Jul 28 2030: A New Magic Act - by MukilteoMike on January 22nd, 2017
With the recent release of fan favorites D’Marcus Manning and Charlie McKenzie, it’s obvious the Magicians are looking to the future instead of the now. The M&Ms of the M&Ms formed the identity of the team as the highest skilled players ever for the organization. The owner M&M, MukilteoMike, had this to say about the release and departure of the veterans, “We have nothing but respect for Man and Mac. They played key roles in our rise to Level II, helping us crack the Top 20 list. Unfortunately, we failed to fill out the rest of the roster successfully enough to maintain that status. We want all of our fans to know we share their disappointment about that. That’s precisely why we had to let them go. We can’t look back to the Glory Days a few seasons ago. We have to get back there. That means making tough decisions, like making way for our young talent by saying goodbye to amazing professionals such as ROY and Charlie. We wish them nothing but success as they find new clubs to finish their fine careers with.”

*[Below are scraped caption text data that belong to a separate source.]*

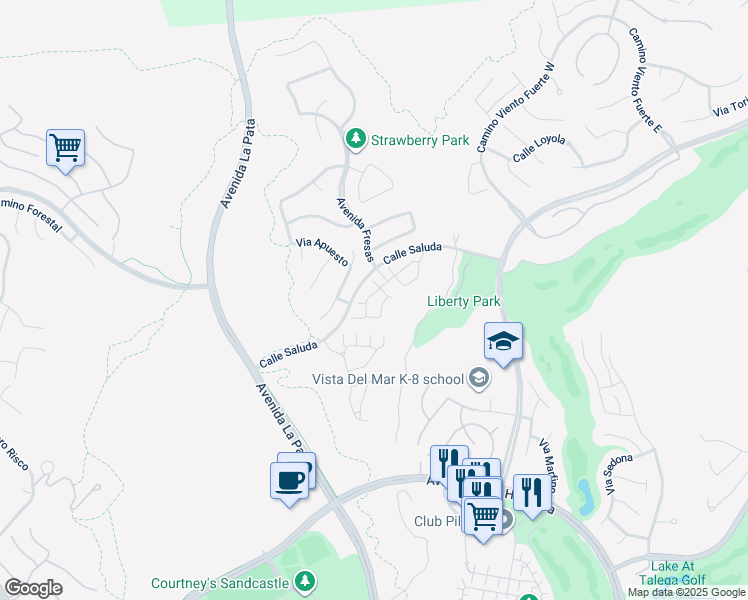 map of restaurants, bars, coffee shops, grocery stores, and more near 5 Via Huesca in San Clemente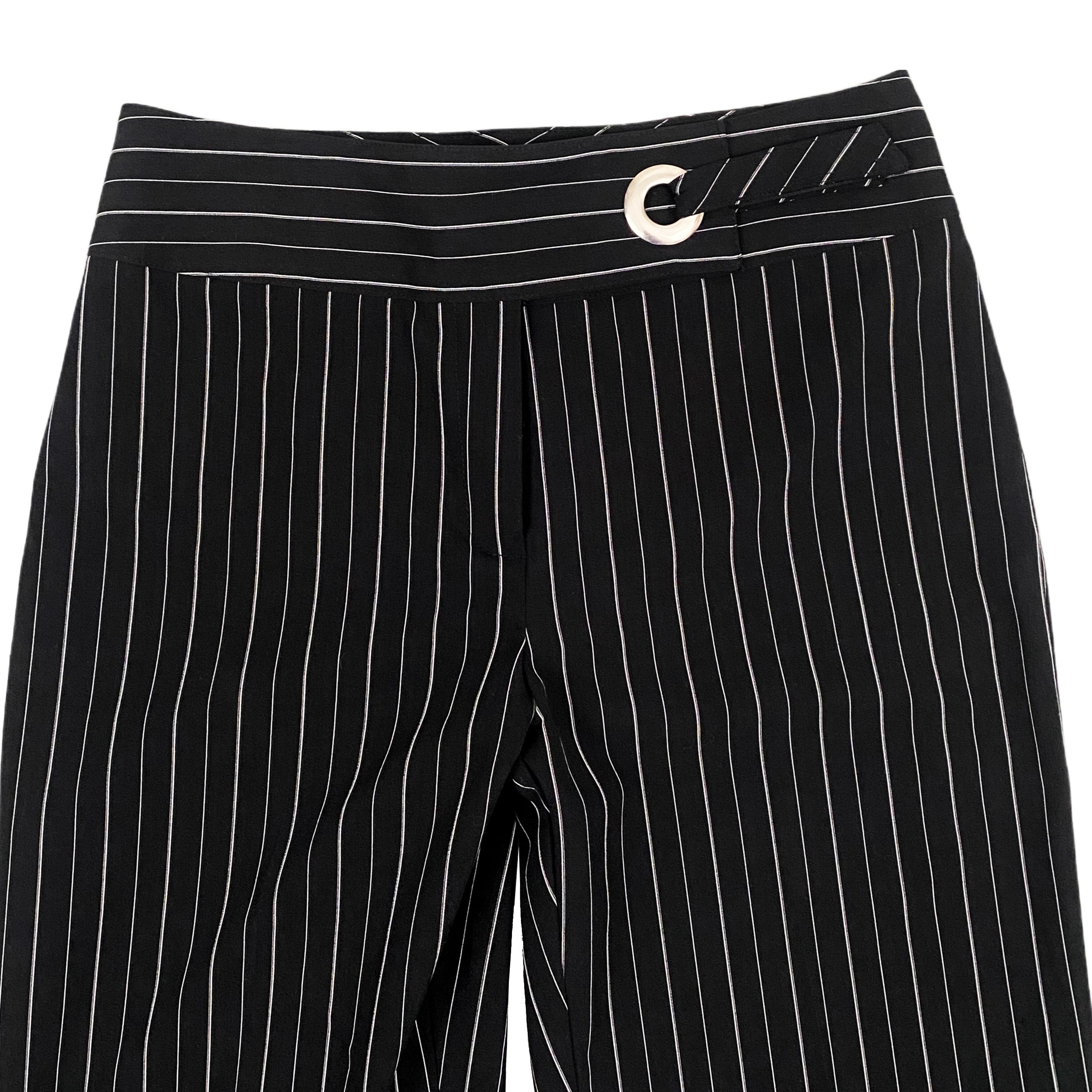 Vintage Striped Mid-Rise Trousers (M)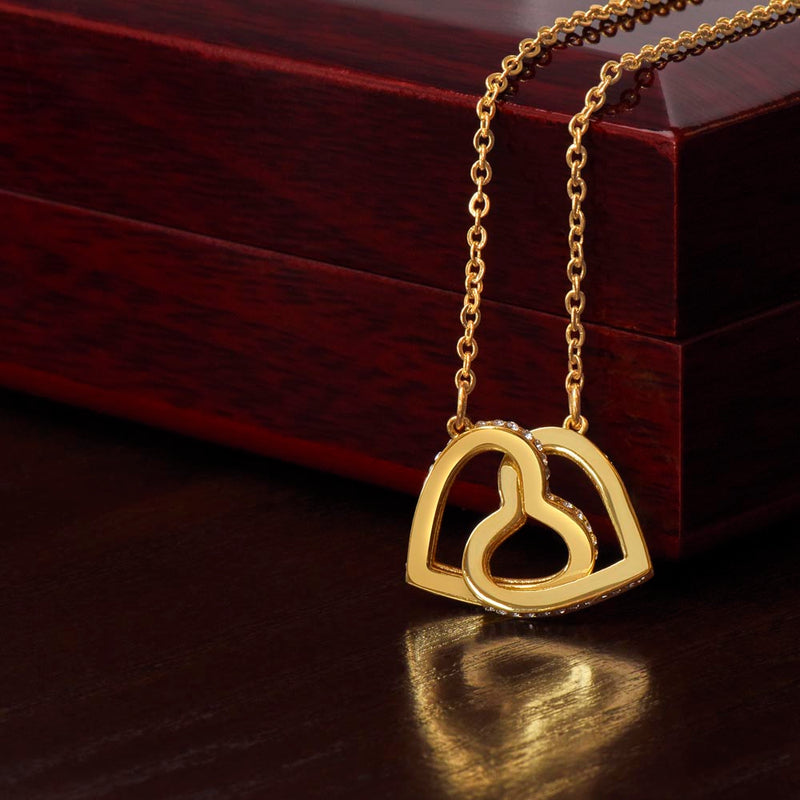 Interlocking Hearts Necklace - 18k Yellow Gold Finish / Luxury Box - Jewelry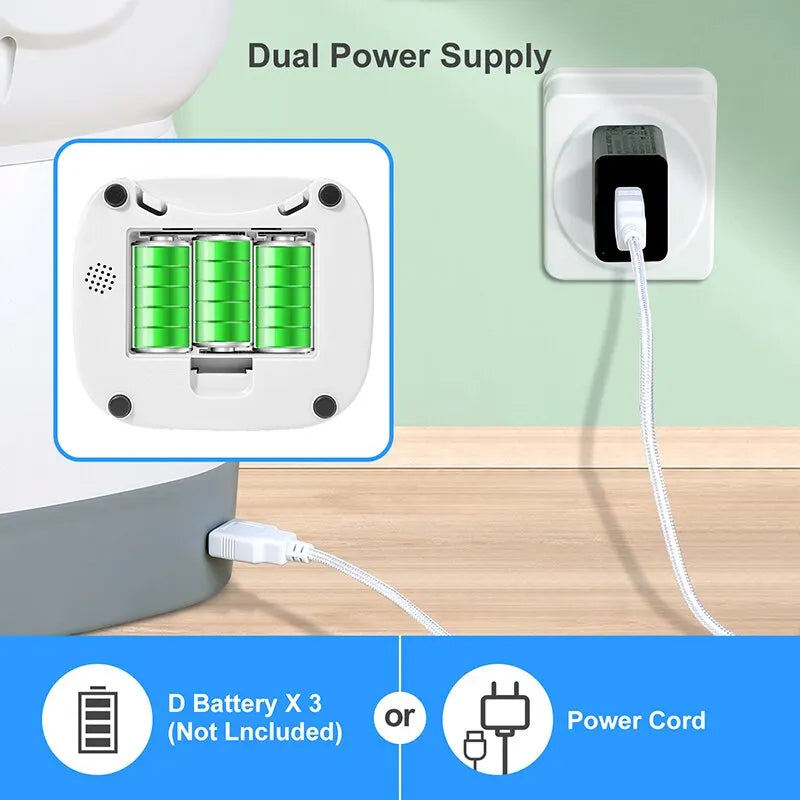 3.5L Automatic Pet Feeder, Requires external power source: 3 AA batteries or AC adapter (not included)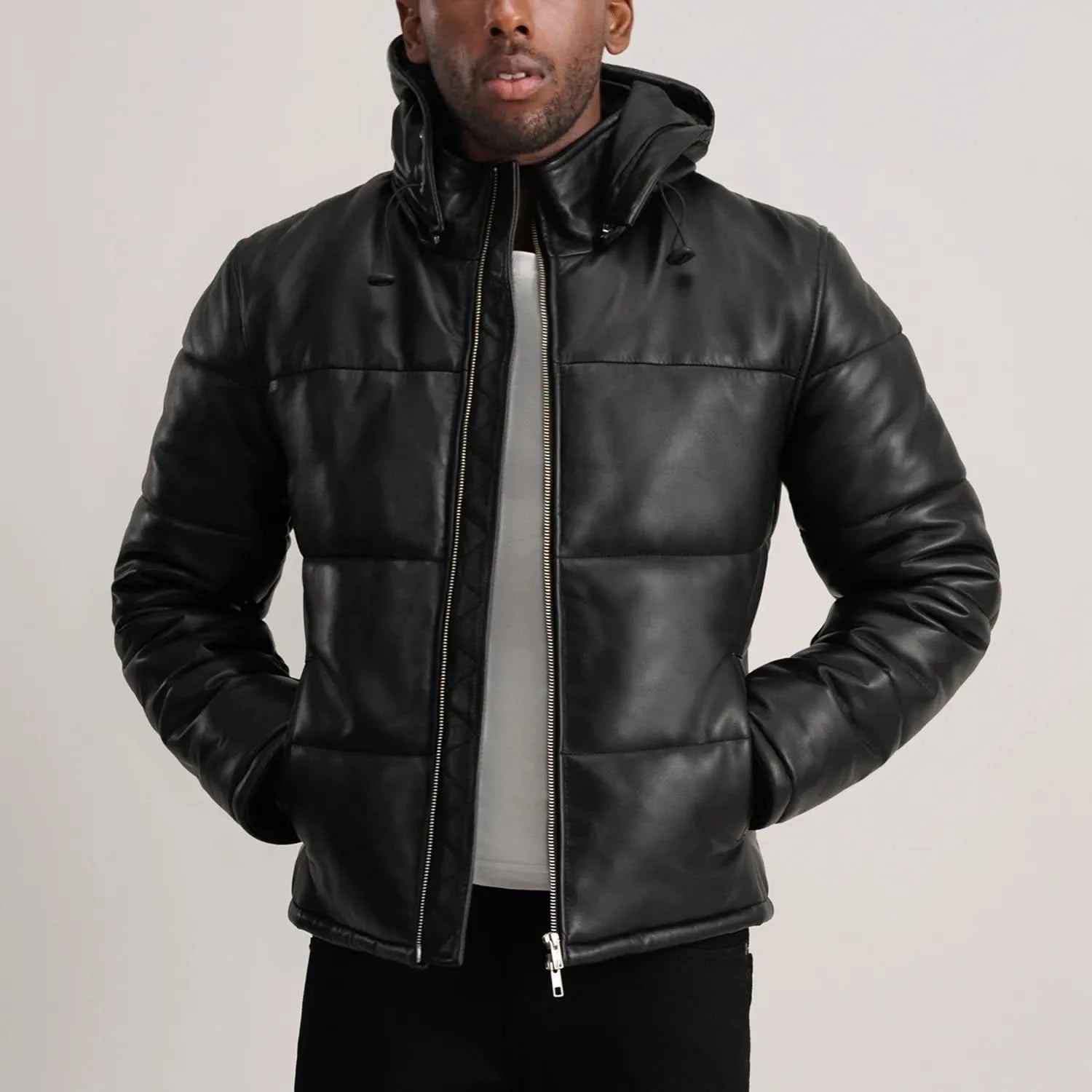 Conrad Black Hooded Leather Puffer Jacket - Image 3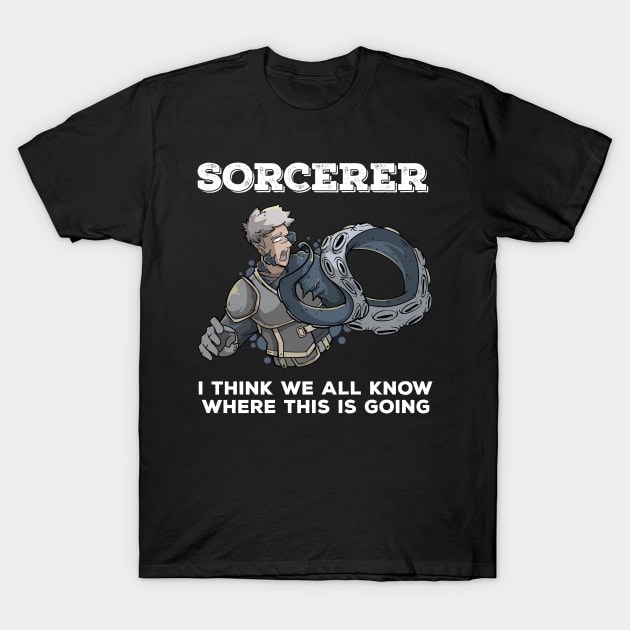 Wizard Mage RPG PnP Roleplaying Dungeon Sorcerer Meme Gift T-Shirt by TellingTales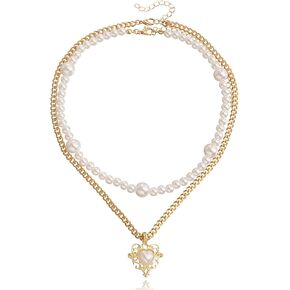 Aonklot Heart Layered Pearl Necklace Double Pearl Heart Pendant Necklace for Women White Pearl Choker Necklaces Jewelry Gifts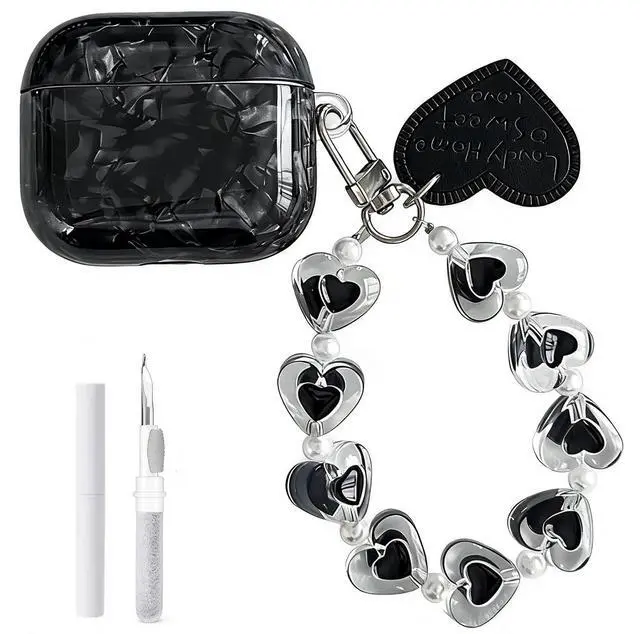 Main image of Compatible with AirPods Pro 3 Case (2025) with Keychain - Black | Stylish Shell Texture Design, Hardened TPU Shockproof Protective Cover, Designed for Girls & Women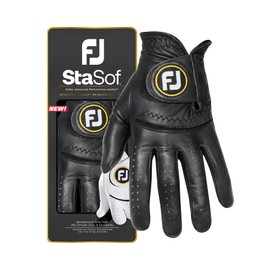 FootJoy Men's StaSof Golf Glove, Black, Large, Worn on Left Hand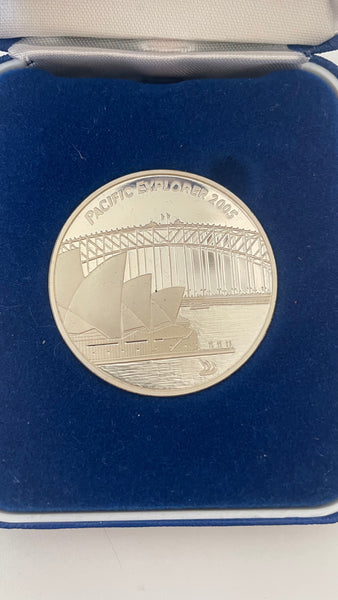 Australia 2005 Pacific Explorer Stamp Exhibition Coloured Proof Medallion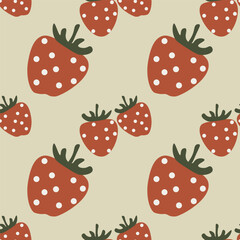 Strawberry vector ilustration seamless patern.Great for textile,fabric,wrapping paper,and any print.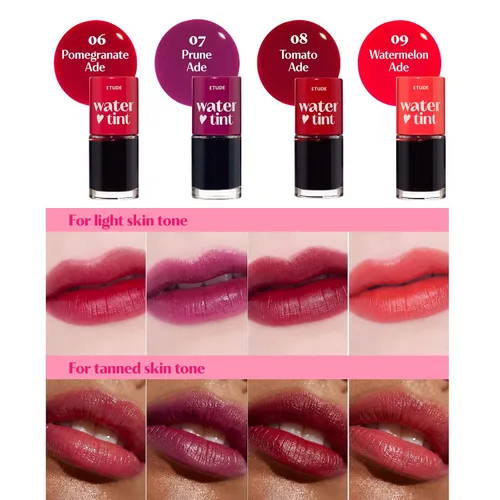 Miniatura 4 de ETUDE Dear Darling Water Tint – Cherry Ade (0.32 onzas) Tinte labial de color vivo con acabado hidratante sin peso y no pegajoso Tinte de labios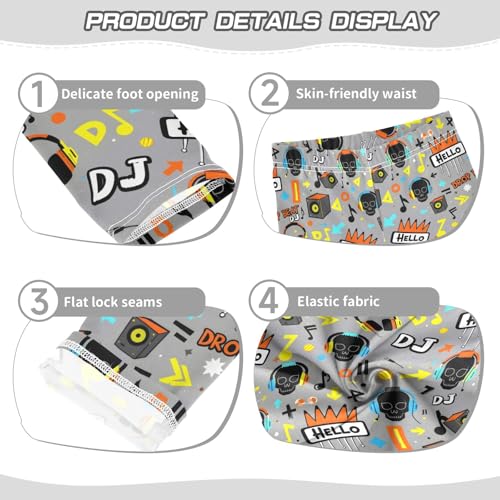 Girls Printed Leggings Yoga Pants Skeleton Sound Headset Note Pattern for Kids in 4t to 10 Years, 4T3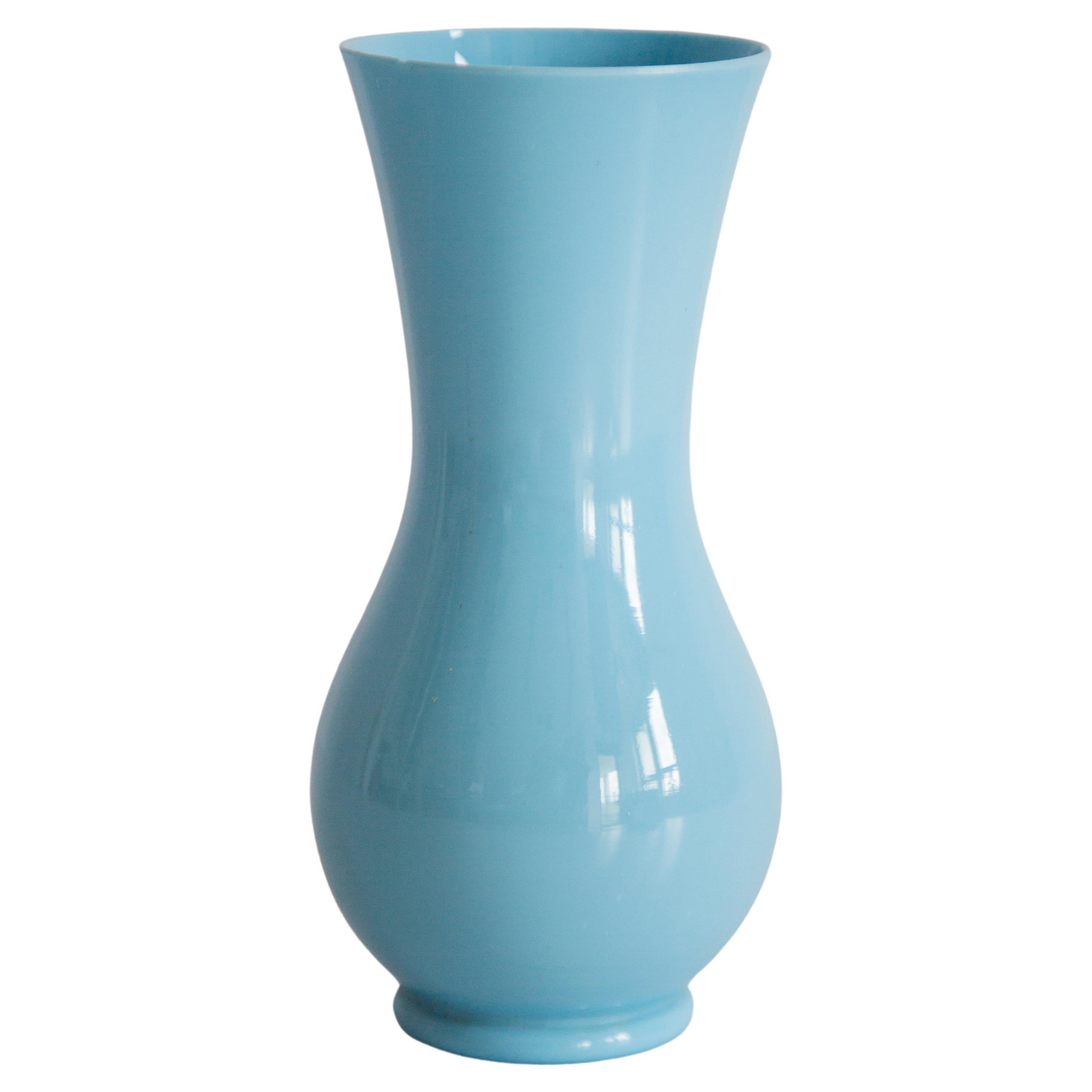 Mid Century Vintage Blue Glass Porcelain Vase, Europe, 1960s For Sale
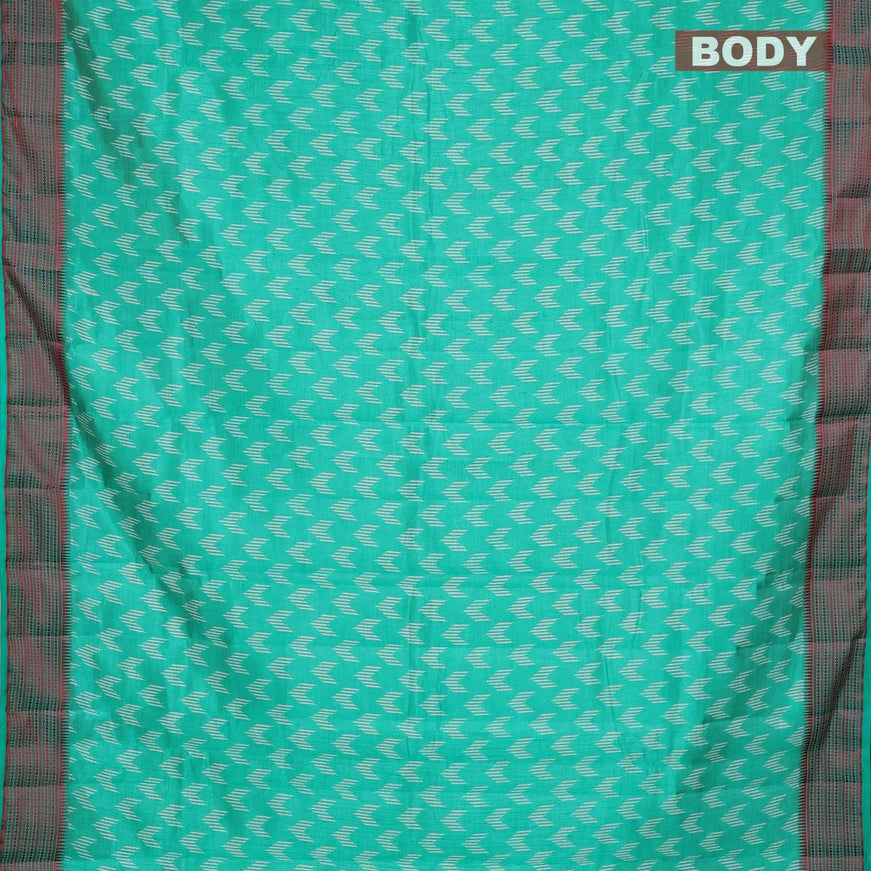 Semi raw silk saree green with ikat butta prints and woven border - {{ collection.title }} by Prashanti Sarees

After the short press conference, manager Kenny Doty provided the lineup cards for the upcoming series. New to the majors will be Joaquin Chapa at third and Ernie Gibbs at DH and the outfield. Both have shown the ability to hit in the minors. Gibbs has a .322 career batting average in the lower leagues, while Chapa hit over .300 with an OPS over 900 in both AAA seasons. Every position is filled by a player no older than 28.
On the pitching side of things, Benito Velazquez has been called up, despite the fact his coaches at AAA thought he should stay down there a few more weeks. Doty didn’t hesitate when asked about that, “It’s simple—that guy has stuff. Have you seen him? His skills are good enough right now. I think my AAA guys might be a little too cautious due to recent call-up failures. He’ll show his worth and will be ready to fire on all cylinders next spring. We’re excited.”
The rest of the innings will be thrown by 28 year old arms or younger. The one exception is Tadeshi Yakoitowo, who was recently claimed. He’s 31 and is basically being given a shot to make next year’s club.
Jul 16 2029: Halfway Point 2029 - by MukilteoMike on November 3rd, 2016
At the midway point, Augusta looks strong as they sport a 3 game, 49 run lead over Jacksonville. However, the Trojans are still in the Cup, so they might sacrifice a little to continue their run there. New Britain is only 5 games out, but their negative run differential suggests it will be a tough climb for them. Pittsfield and Margate appear to be headed for a season-long fight to avoid relegation. The Armadillos have a one game lead, but are 42 runs worse than the Magicians. Jersey City rounds out the East 5 games out of relegation and have -105 RD.
There there’s the West; anything can happen on the left. Bellevue has snuck into first, despite only having a +2 run differential. A game back is Pasadena and then another game back is Tempe, with +46 and +28 RD, respectively. Ventura leads the West in bad luck, as they have a division-leading +56 RD, but sit 5 games out of first. Denver and Oceanview Woods are both 7 games back with OW being the only negative RD team at -51.